We are Asphyxiating the Oceans
Situated as we are, in the midst of North America, it is easy to forget that two-thirds of the Earth’s surface is covered by water, which supports and sustains us. According to new studies in scientific journals that have not received much ink in the popular press, we are asphyxiating the oceans at a rapid rate as oxygen levels decline and corals die. The primary cause of this asphyxiation is the steady warming of the atmosphere that our ruling plutocracy insists does not exist.
A World-wide Trend
The decline in oxygen levels is a world-wide trend, as described by Denise Breitburg and colleagues in Science (2018). “This oxygen loss, or deoxygenation, is one of the most important changes occurring in oceans increasingly modified by human activities that have raised temperatures, carbon-diopxide levels, and nutrient inputs and have altered the abundances and distributions of marine species,” they write. In the open oceans, deoxygenation has been intensified by rising acidity provoked by carbon-dioxide absorption, as well as the injection of nutrients from agriculture and sewage that are predominant in Lake Eire around Toledo, well as other inland bodies of water.
The decline in oxygen levels has intensified since the 1950s, due nearly entirely to human activities, from increasing emissions of carbon dioxide and other greenhouse gases and overload of nitrogen-based fertilizers. All these activities combine along coastlines at the mouths of major rivers (such as the Mississippi in the United States and the Ganges in India and Bangladesh) to produce oxygen-starved “dead zones.”
“Oxygen is fundamental to biological and biogeochemical processes in the ocean,” wrote Breitburg and colleagues. “Its decline can cause major changes in ocean productivity, biodiversity, and biogeochemical cycles. Analyses of direct measurements at sites around the world indicate that oxygen-minimum zones in the open ocean have expanded by several million square kilometers and that hundreds of coastal sites now have oxygen concentrations low enough to limit the distribution and abundance of animal populations and alter the cycling of important nutrients.”

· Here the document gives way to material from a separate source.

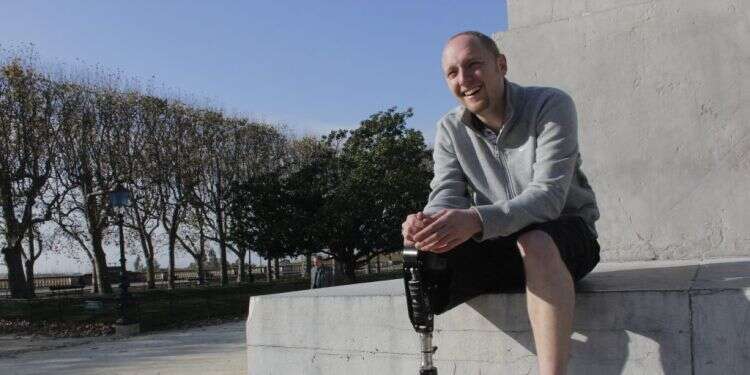 צילום: Blatchford צילום: Blatchford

Corals: No Time to Recover
Coral Reefs, the richest source of food in the oceans, also are steadily becoming more vulnerable due to rising temperatures, which bleaches (kills) them. A study published in the same issue of Science that contained the work on ocean oxygen starvation described just how quickly the coral holocaust has developed. “Large-scale coral bleaching events, in which reefs become extremely fragile, were virtually unheard-of before the 1980s. But in the years since… the frequency of coral bleaching has increased to the point that reefs no longer have sufficient recovery time between severe episodes,” wrote Kendra Pierre-Louis and Brad Plummer in the New York Times.

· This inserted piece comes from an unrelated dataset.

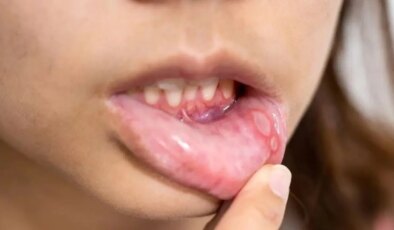 Uzmanlardan uyarı: Ağız yaraları görünenden zararlı olabilir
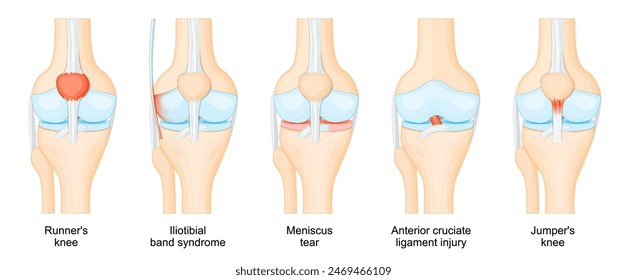 Lesiones en la rodilla. Anatomía de la articulación humana de la rodilla. Lesión del ligamento cruzado anterior, rodilla de Saltador y Corredor, tendinitis rotuliana, desgarro de menisco, síndrome de banda iliotibial. Ilustración vectorial.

When coral bleaches, they wrote, “Overheated seawater causes corals to part ways with symbiotic plantlike organisms called zooxanthella that live inside of them. In addition to giving coral reefs their bright colors, zooxanthella also provide corals with oxygen, waste filtration, and up to 90 percent of their energy. Absent zooxanthella, corals not only take on a ghostly pallor, hence the term bleaching, but they are also more susceptible to death.” Given enough time between bleaching events (10 to 15 years), corals can recover. The problem is that as ocean temperatures slowly rise, the intervals allowing recovery at sustainable temperatures are becoming shorter. World-wide bleaching conditions are usually associated with El Nino conditions (the most severe of which have occurred in 1982-1983, 1998, and 2015-2016). These cause ocean temperatures to rise suddenly in tropical ocean waters that contain most coral reefs.
A study by Terry P. Hughes and colleagues examined 100 reefs world-wide and found that rising temperatures have reduced recovery time for reefs 50 percent in less than 40 years (1980-2016), also increasing damage to reefs. “As global warming has progressed, tropical sea surface temperatures are warmer now during current La Niña conditions than they were during El Niño events three decades ago,” they wrote. “Consequently, as we transition to the Anthropocene, coral bleaching is occurring more frequently in all El Niño–Southern Oscillation phases, increasing the likelihood of annual bleaching in the coming decades.” The year 1980 was chosen to begin the study because before the major El Niño of 1982-83, mass bleaching’s were nearly unknown in the historical record.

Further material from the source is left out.